« 3.002: expert advice on tiering with ibm db2 | Main | 3.004: tell them why - an idea worth spreading »

May 10, 2010

3.003: to boldly go

Space... the Final Frontier. These are the voyages of the starship Enterprise. Her ongoing mission: to explore strange new worlds, to seek out new life forms and new civilizations, to boldly go where no one has gone before.

And so begins our journey

Today, EMC announces the introduction of another category-creating product: EMC VPLEX. Built upon unique market-proven technology and hardened for the rigors of enterprise IT, VPLEX brings forth a revolutionary new platform for building and deploying distributed virtual data centers. And whether we call it Distributed Federation, a component of Virtual Storage, the On Ramp to the Private Cloud, an application Teleporter, a Time Machine for Data, the foundational component that extends the Virtual Mainframe beyond the walls of a single data center, or even simply distributed storage virtualization, VPLEX clearly will change the way we build and deploy applications.

By tearing down the barriers of space and time, VPLEX will allow us to rethink when and where we run applications. Couple with virtual server technology, VPLEX can allow applications to be relocated not only to another server cluster, but one in a totally different location. And with its unique approach to distributed cache management, VPLEX can enable applications to begin running at their new destination before all of the application’s data has been relocated. In fact, the Access Anywhere caching technology can even present data at a remote site without any data storage at the site! This capability of VPLEX Metro portends the future where VPLEX will both extend the distance between VPLEX clusters and expand the number of clusters VPLEX supports. As the VPLEX partner and development communities expand the use cases and integration beyond the hypervisors into database and application integration with the VPLEX distributed cache capabilities, we will see the emergence of new computing models.

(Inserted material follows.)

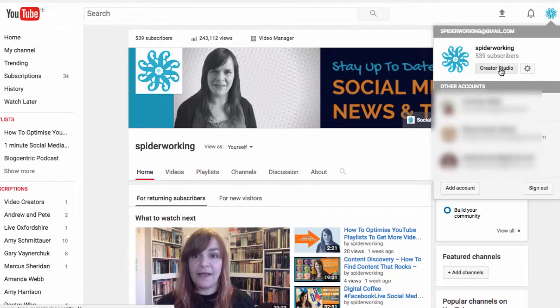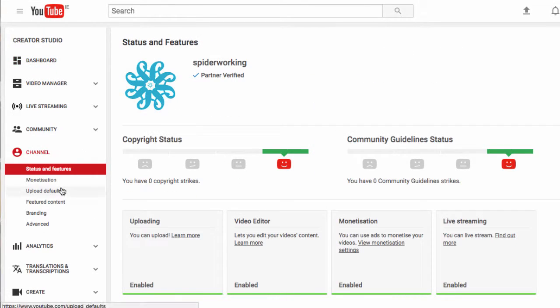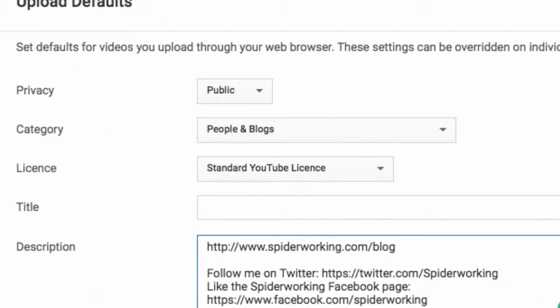You can put a link in the description. Just make sure you include the HTTP as part of that link and put it right at the top of the description box, otherwise it can get lost — people have to click 'see more' to see it. Pro tip: you can actually set it up so that your link appears right at the top of the description for every video you upload.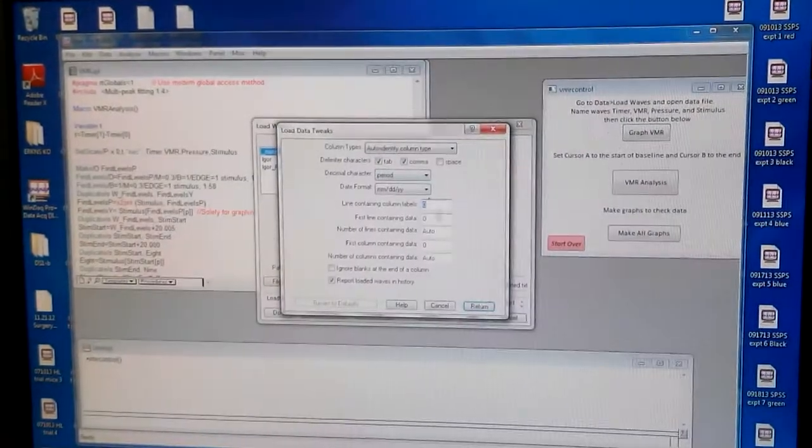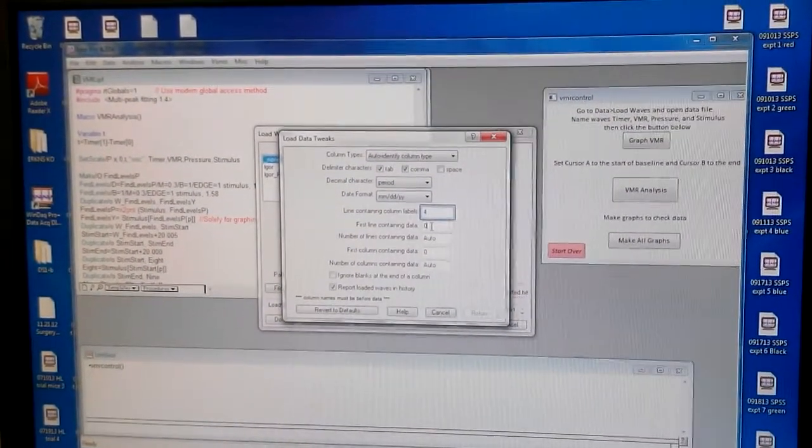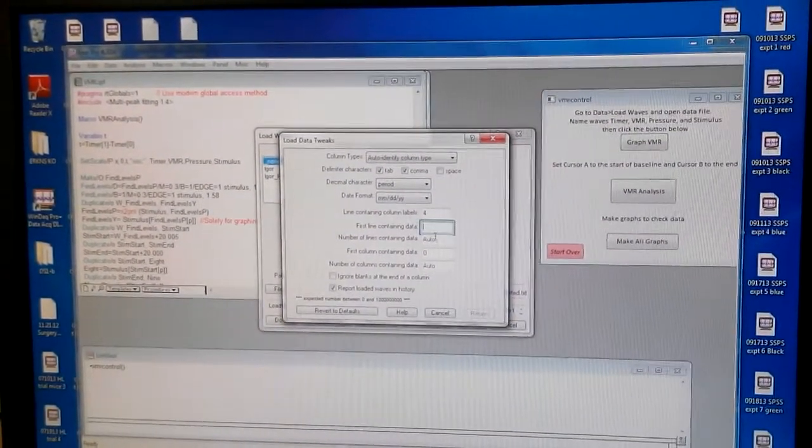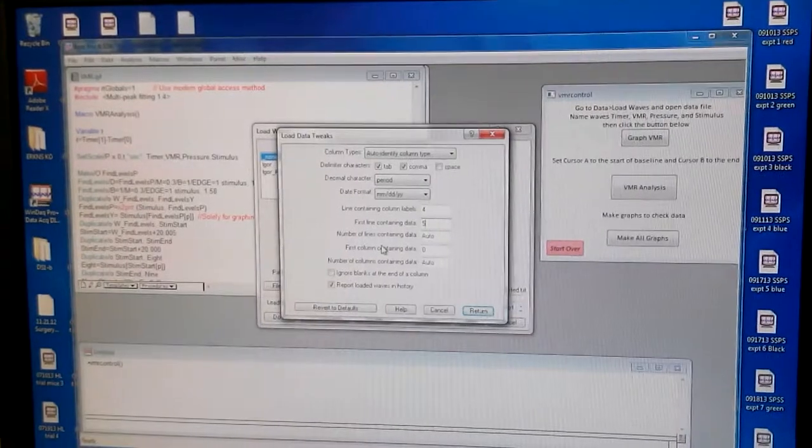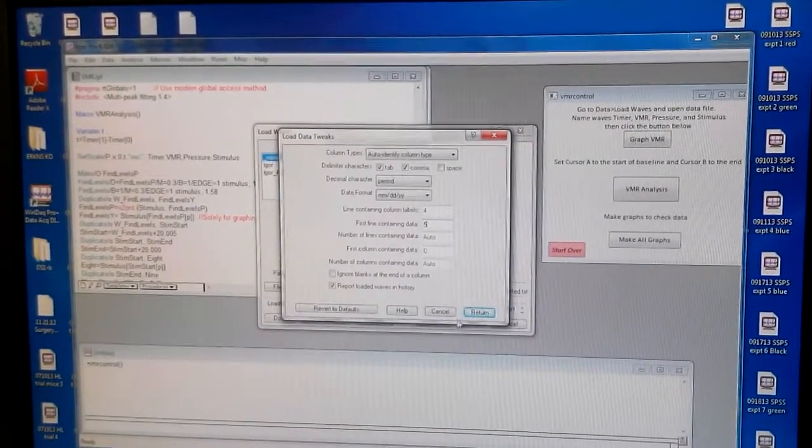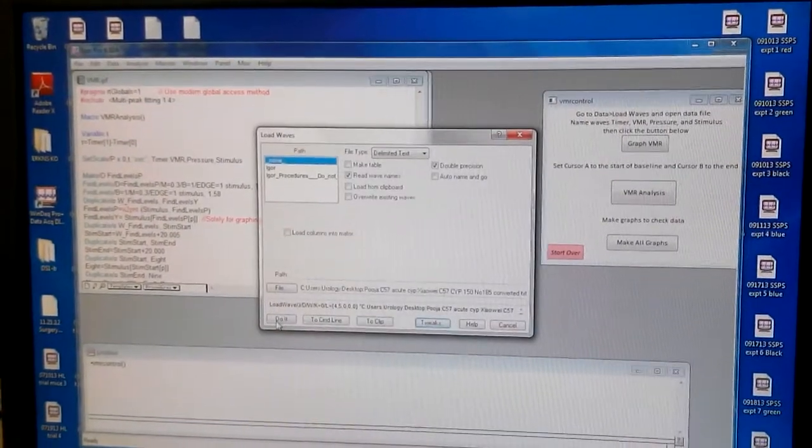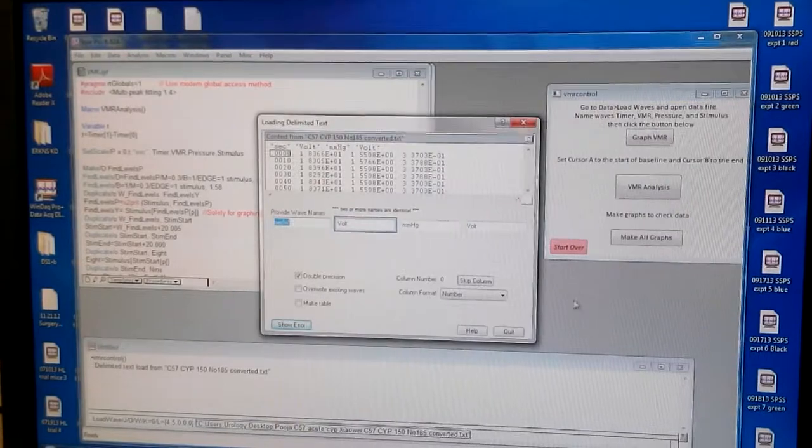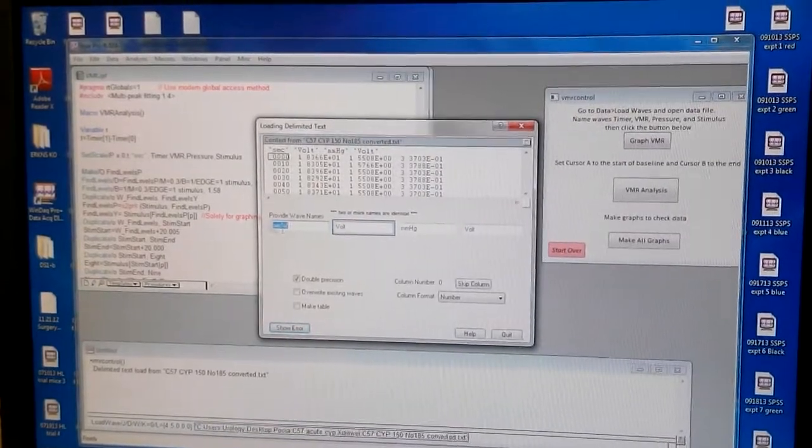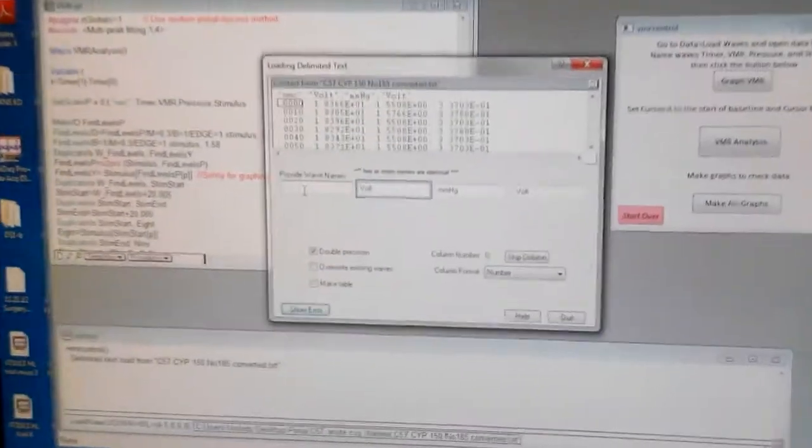Now you do tweaks for, there, here. 5 for the number of lines. Say return. Now you press do it. Yeah. Now it comes.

We are at the beginning of a new journey.


in the beginning…

I have had the good fortune to be directly involved in several of EMC’s innovative game changers over the past going-on-10 years, from Centera (the pioneer of CAS- Content Addressed Storage), to DMX 1-4 (the transition from monolithic to modular enterprise storage), to VMAX (the first Intel-based enterprise array purpose-built for the virtual data center). But without a doubt, VPLEX has been the most exciting project of them all.

From the very beginning of the process that led to the acquisition of the technology assets from Yotta Yotta (and the subsequent hiring of nearly the entire development and delivery teams), we knew we had a unique opportunity. The technology not only worked, it was being used in some very, very interesting applications (US military, so I can’t really discuss them, even today). True, it was then still the product of a startup, and there were some rough edges. But at the core many of us recognized the core technology as the missing link in our journey to the private cloud – the ability to present block storage devices (LUNs) at multiple sites, with each site seeing the device as fully read and write enabled (active-active, in storage parlance) leveraging concepts like virtual synchrony and utilizing cache to minimize the effects of latency and bandwidth limitations. Repackaged and optimized for the enterprise, we set out to change the world.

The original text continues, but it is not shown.